Responsive web design is laying-out and coding a website to provide the most optimal viewing experience, regardless of the device being used. In other words, as a user switches from a laptop to a tablet or smartphone, the website will automatically restructure itself to respond to the user’s screen size. It’s a one-size-fits-all fashion statement that you shouldn’t overlook if you’re serious about search engine marketing and optimization.

Here’s why it’s essential that content marketers dress their sharpest with responsive website layouts.

Cost Benefits

In recent years, designers were fond of developing a “mobile version” and “desktop version” of their website. This was a step in the right direction, as marketers were accounting for the growing number of users who navigated sites using their phones; however, it came at a hefty price. Two websites equal two products to design, develop and manage.

With responsive website design, your investment in a website will result in one streamlined solution. Responsive is more cost-effective than creating separate mobile and desktop versions of a website (not to mention the simplification of maintenance).

You can also consider it a safe bet that responsive website design will prepare your site for the future. There’s a plethora of devices on the market you can use to surf the web: gaming consoles, e-readers, different models of phones and tablets, and probably a few new devices that have been developed since you clicked on this post (I’m joking). With new technology constantly emerging, responsive layouts are here to stay for the foreseeable future.

Check out this article for more on the future of the web.

Optimal User Interface

Responsive web design was created to provide an optimal user experience. Google focuses heavily on user experience and wants to return search results that are most desirable to its users. Responsive sites have just one URL and the same HTML, which makes it more efficient for Google to index and organize. In return, this affects website users by making the content of the site much easier to share across varying online channels.

According to statistics from SEOCIAL, 48% of users said that if a site didn’t work well on their smartphone it made them feel like the company didn’t care about their business. Ouch! What’s even more shocking is that 48% of users also complained that websites were not optimized for mobile devices. Having to resize a page several times or scroll horizontally and vertically to reach the end of a sentence is far from optimized, so it’s easy to understand why a user would elect to navigate their web surfing (and business) elsewhere.

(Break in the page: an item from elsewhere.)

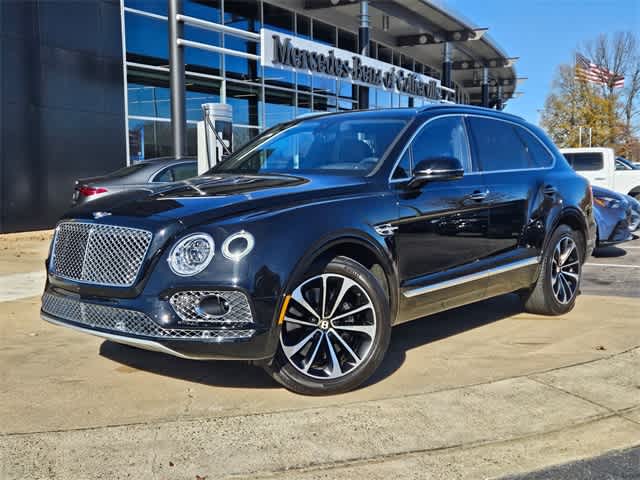 2020 Bentley Bentayga  -
                  Collierville, TN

Check out our 5 ways to build a successful website.

Fortunately, the days of poorly optimized sites will slowly start coming to a close. Consumers and web developers alike can rejoice in the fact that, as of April 21, 2015, Google laid down the law on how responsive websites rank higher in search results than non-responsive websites. This is no small fact to be left unchecked. When the authority of website searches changes the rules of best practice, you really have no option but to adapt to them. That’s why it’s not only important to have a responsive website design, it’s essential.

Consumers and web developers alike can rejoice in the fact that, as of April 21, 2015, Google laid down the law on how responsive websites rank higher in search results than non-responsive websites.

Improved Conversion Rates

Up until now, I’ve presented the benefits of developing a responsive website design but haven’t even touched on the main reason websites exist in the first place, which is to provide useful content to users.

A good website is capable of engaging visitors and converting them into online leads when they fill out forms. A satisfied user is much more likely to become a quality lead, or at least share content with their peers, which expands reach and, of course, provides more potential customers the opportunity to discover the responsive website since satisfying Google’s metrics for a well optimized site will increase your chances of displaying higher in search rankings.

To learn more about what to do, and not do, with SEO, check out our 7 Deadly Sins of SEO.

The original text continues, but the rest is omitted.